You really have lost it breezy. Agreeing with yourself and still wrong - one would have thought that was impossible but you managed it. How about bid 04-01/2/3/4/5/6/7 and 05-01/02/03. All mainline bids effective before the merger, yet not an E170 position nor a MDA pilot awarded anything on any of them.

BTW, do you have a link to the court case where US admitted that MDA was legally mainline? :lol: I bet you were one of those mainline pilots asking "Who are these MDA guys and why are they suing us?" back in 2005.

Tell me Sherlock - if the MDA pilots know that they were really mainline all along, why were they pushing the CoC grievance for selling the MDA airplanes?

Jim

At the time that all these bids were going on, the MDA pilots were being held in limbo, not knowing where they belonged. Regardless of their actions and what took place, the USAir management admitted in the 11th hour that MDA was part of the mainline. there was no court statement, just upper management admitting that they legally were part of mainline.

The aircraft belonged to USAir.....the flights were worked by mainline ground personnel, and all was done under the USAir certificate. MDA was NEVER split off as a separate ops!!!

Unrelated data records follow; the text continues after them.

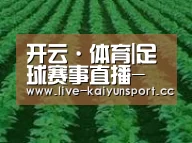 种植基地六(图1)
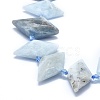 Natural Aquamarine Bead Strands G-O179-H26-3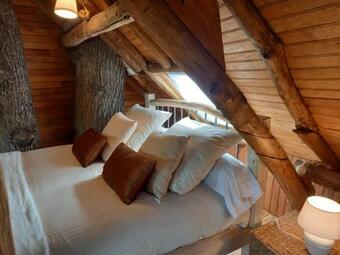 Cabane Suspendue Dans Les Arbres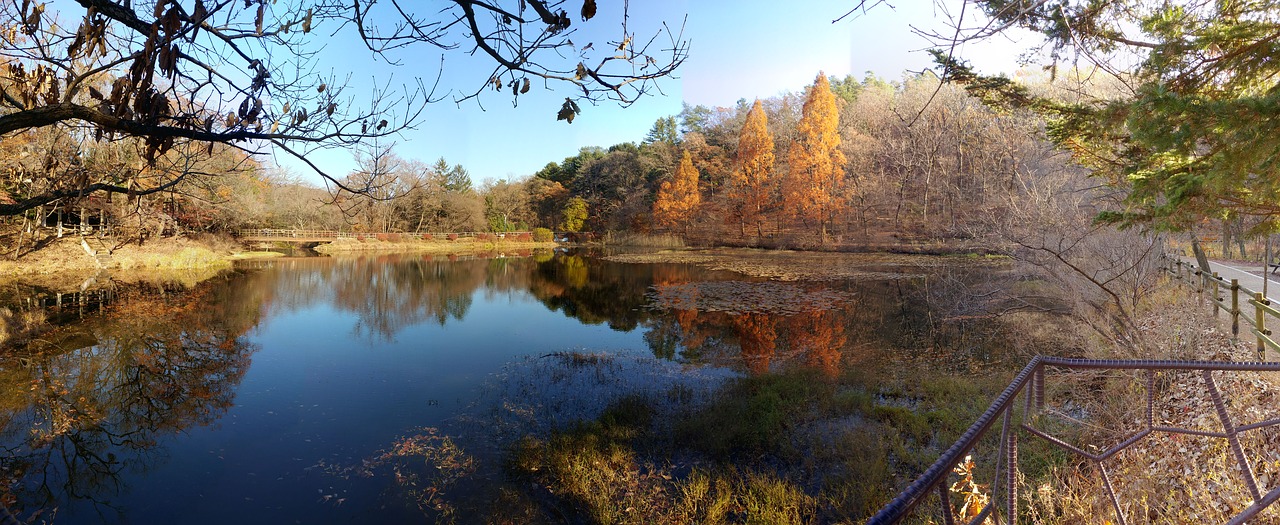 nature  autumn  water free photo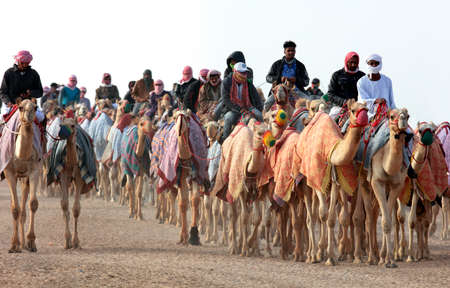 Pure Arabian camels in Shahaniya Camel trak - QATAR 19-1-2022のeditorial素材
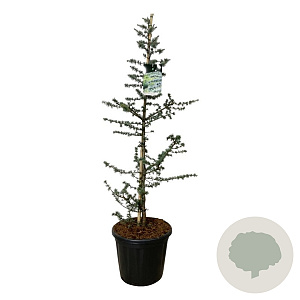 Cedrus l. 'Glauca' 125-150 cm 30L extra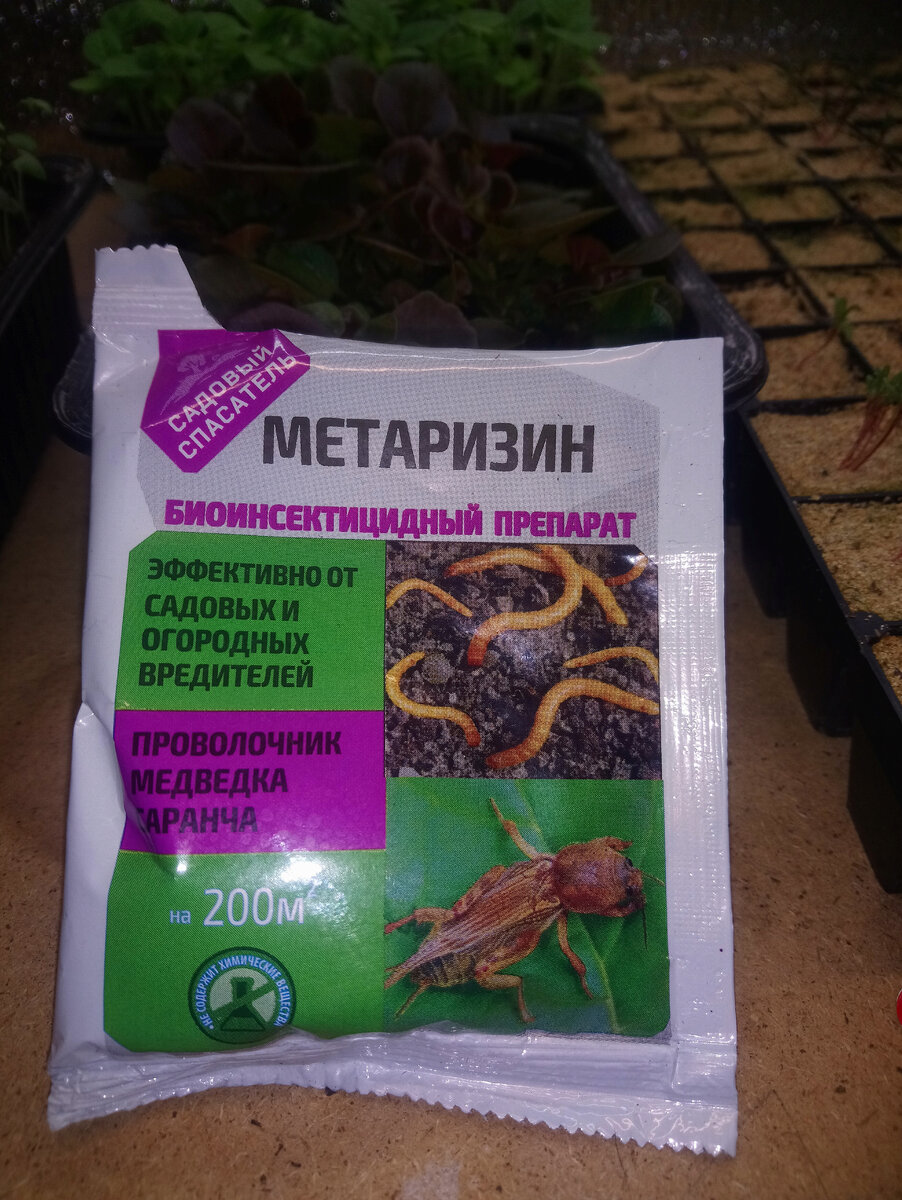 Наше спасение.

CoC grievance was launched before management's statement that they were in fact mainline.

breeze
 
You are looking at it in flashback (no surprise there). MDA was never intended to be mainline and never was mainline and the pilots were never entitled to be placed in line with active mainline pilots. I watched this entire situation play out very closely. USAirway's intent was to shed airframes in the wake of Metrojet debacle (they were mainline, perhaps you have them confused) not add them.

Nicolau got it as close to right as you could, given the constraints he had to work within.

Regardless of the intentions for MDA, they were, in the final hour proclaimed to be mainline by USAir management.

You may have watched this while salivating, but the bottom line is that they deserved a mainline number just because they worked for the mainline at USAirways, due to the management statement.

Again, it is your opinion as to what USAir's intent was......YOU OPINION DOESN'T MATTER HERE!

breeze
 
You stupid clown, you put a gun to our head and expect us to "discuss a resolution" while holding said gun to our collective temples? You clowns messed with the wrong people, you have been lucky so far (larger numbers, 9th, tempe collusion) but that won't hold forever.

The steam coming out of your ears is quaint, even if it does make you irrational. ALPA tried to get you to discuss a resolution. They didn't put a gun to your head, but yes, they were stupid clowns. :lol:
 
there was no court statement, just upper management admitting that they legally were part of mainline.
So there wasn't any "legal admission" since there was no court ruling. Got it. Wonder why Glass said that MDA didn't exist, that it was mainline? It wouldn't be to win a grievance, would it?

Ya know, as of a certain event I agree with you but you haven't mentioned that event yet. Are you on the USAPA legal team, perhaps?

Besides, all that matters at this point is this - both sides agreed to binding arbitration and the arbitrator ruled. It really is that simple...

Jim

ps - did I miss your mea culpa for claiming everything was such a rush-rush that there were no bids during MDA's existence?